Wyatt Cenac is fighting gentrification one web series at a time - Metro US

Wyatt Cenac is fighting gentrification one web series at a time

aka Wyatt Cenac

From a completely objective and not at all biased standpoint, Wyatt Cenac is very swoon worthy. It certainly doesn’t hurt that the Brooklyn based comedian has done it all: sitcoms (“People of Earth,” check), political satire (“The Daily Show,” check) and Grammy nominated standup specials (Netflix’s “Brooklyn,” check) included.

But just when you think the 41-year-old is going to go bigger, he surprises you. Premiering October 3, Cenac has a delightful web series slash tersely worded love letter to Brooklyn called “aka Wyatt Cenac.” In his directorial debut, he plays a masked vigilante named The Viceroy — naturally —  who is more or less battling (and at times protecting) gentrified Brooklyn. It’s short, sweet, topical — and appreciably entertaining, too.

We chatted with the Fort Greene resident about Brooklyn bars, the end of Night Train and, you know, white supremacy.

“aka Wyatt Cenac” is as much an ode to Brooklyn as it is a critique of the borough’s ongoing gentrification. I mean, you guys filmed at Doris. Do you actually go there?

Yeah. I don’t go as often as I used to because I realized I could drink at home.

Why drink out with people when you can just drink alone?

Exactly. If there’s anything that I wish they would have taught at college, it would have been: Why drink outside? It’s cheaper to just not.  

Are there any other places you like? Would love our audience to know so you can get bum rushed when you go out.

Sure, OK, yeah so if anyone starts to stalk me they’ll know where I am. It’s funny because for me now I really don’t go to bars with the frequency that I used to. I tend to go to restaurants so I can eat and drink there until they are sick of me. I do that more than go to bars.

Bars that have an outside, I do like, like Hotbird. Hotbird was really great because it would never get crowded. I understand people go to the bar for that experience, but I almost like the experience of going to a bar to sit down and have a conversation. And to get drunk.

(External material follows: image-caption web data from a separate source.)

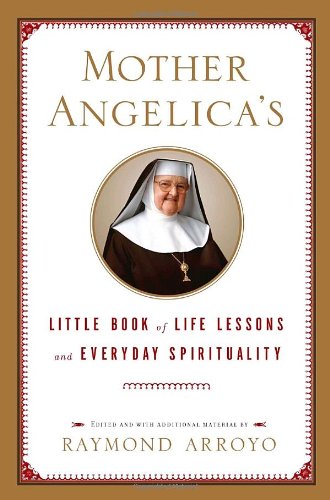 Mother Angelica's Little Book of Life Lessons and Everyday Spirituality by Raymond Arroyo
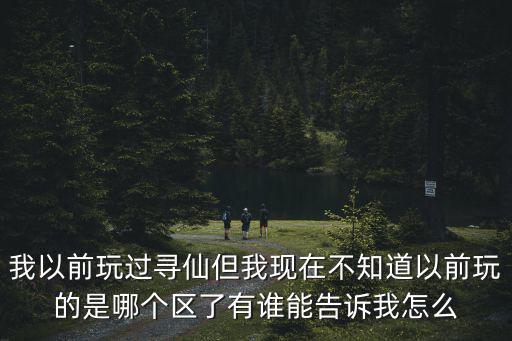 我以前玩过寻仙但我现在不知道以前玩的是哪个区了有谁能告诉我怎么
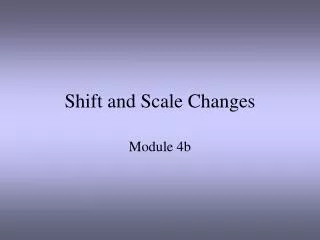 Shift and Scale Changes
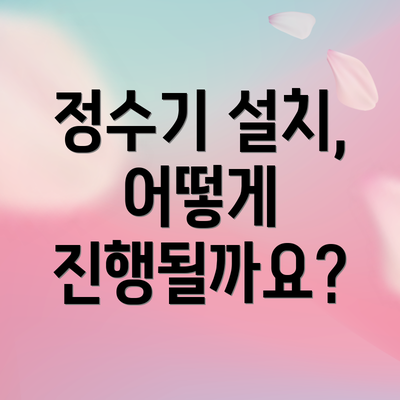 정수기 설치, 어떻게 진행될까요?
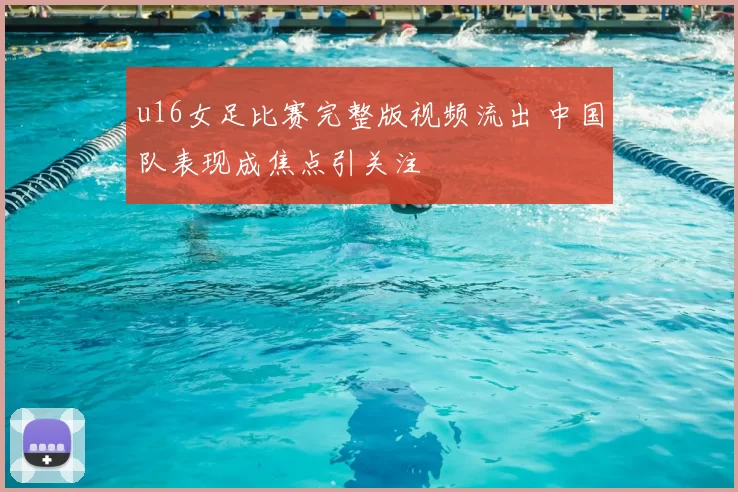 u16女足比赛完整版视频流出 中国队表现成焦点引关注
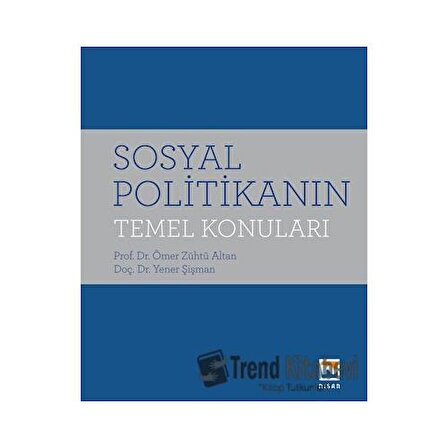 Sosyal Politikanın Temel Konuları / Ömer Zühtü Altan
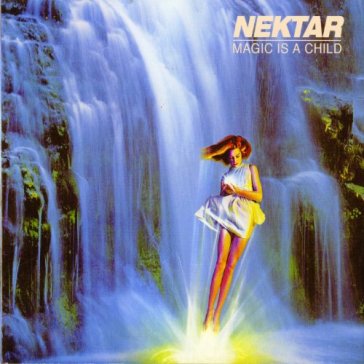 Magic is a child - Nektar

Night Train is ending soon. Why did you decide to wrap the weekly standup series up now?

Honestly, it just felt like a good time. Our final show [Nov. 6] will be five years exactly. The show has been fun and so great, but at some point, it feels like something that you should pass on, that somebody else should get the opportunity to try to do their own thing and make it something different. 

You’ve done a bit of everything, so I’m curious: What do you think makes a successful comedian?

It’s a metric you have to figure out for yourself. There are people who say, being a working comedian on the road, 200 days out of the year is success. And for another comedian, it might be being exceptional enough at standup that NBC wants to make a sitcom with you. It might be movies for somebody else. I don’t think there’s one metric for success.

At the end of the day if what you’re doing brings you joy, as much joy as it brings the audience you’re doing it for, then that’s probably the best metric.

And Night Train is just one of the things you’ve had going on. You have “People of Earth,” and “aka Wyatt Cenac” going — are you more attracted to one form of comedy over the other?

When I write, it tends to be a bit more topical and I tend to enjoy that a lot. With Night Train, when we did it for Seeso, what was great about it was doing topical things but in this weird variety show way. In the first season, we did [a sketch] about how bodegas were being pushed out by chain drug stores. To me, that raised the question of: If bodegas are gone what does that mean for the cats that work at the bodega? So that started a bit where H. Jon Benjamin and I were on stage, advocating for bodega cats. It’s always nice to take a topical thing and address it in a weird way.

I feel like comedy, in this moment, feels very much like it has to be topical, but in a political vein. White supremacy is making a comeback.

Not to say that we should just relax, but these things to be a little cyclical. I don’t know if I’d say white supremacy is making a comeback exactly. It’s just a little sloppier than it used to be.

It’s more in your face.

Yeah. There was a time that … they took care of their craft and tried to hide what they were doing. They tried to be a little craftier. Slick with it.

As a comedian, how do you create a space for humor when the world is increasingly depressing?

We’ve been here before. I think to keep it in perspective [is helpful], but there’s also more to life than the weird, strange things that happen to us on a daily basis. You can’t get so caught up in that aspect of it. It’s just going to paralyze you.

“aka Wyatt Cenac” premieres on Topic.com on October 3.